■ WHAT IS BEING ASKED: Please give all of the data again, character for character, and drop the pictures.

■ DATA:
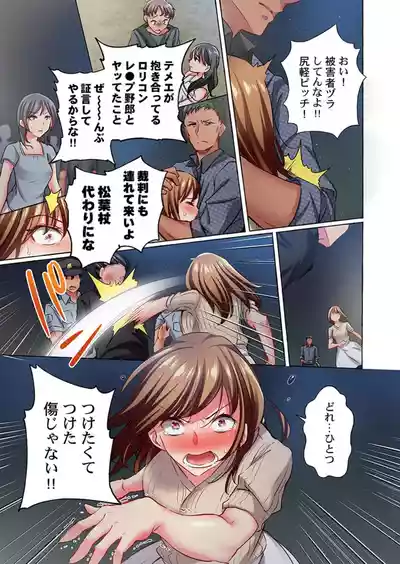 Page 7 of [Momoshika Fujiko] Maihama Yuki no Ikigao wa Bukatsu Komon no Ore shika Shiranai 36-48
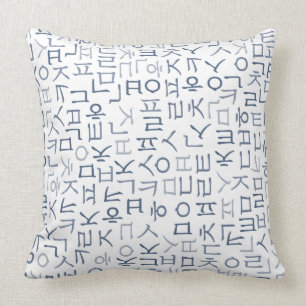 Hangeul Cushion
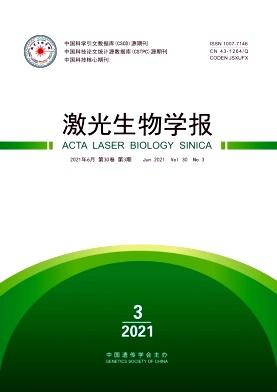 Acta Laser Biology Sinica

■ TASK RESULT:
 Page 7 of [Momoshika Fujiko] Maihama Yuki no Ikigao wa Bukatsu Komon no Ore shika Shiranai 36-48
 Hangeul Cushion
 Acta Laser Biology Sinica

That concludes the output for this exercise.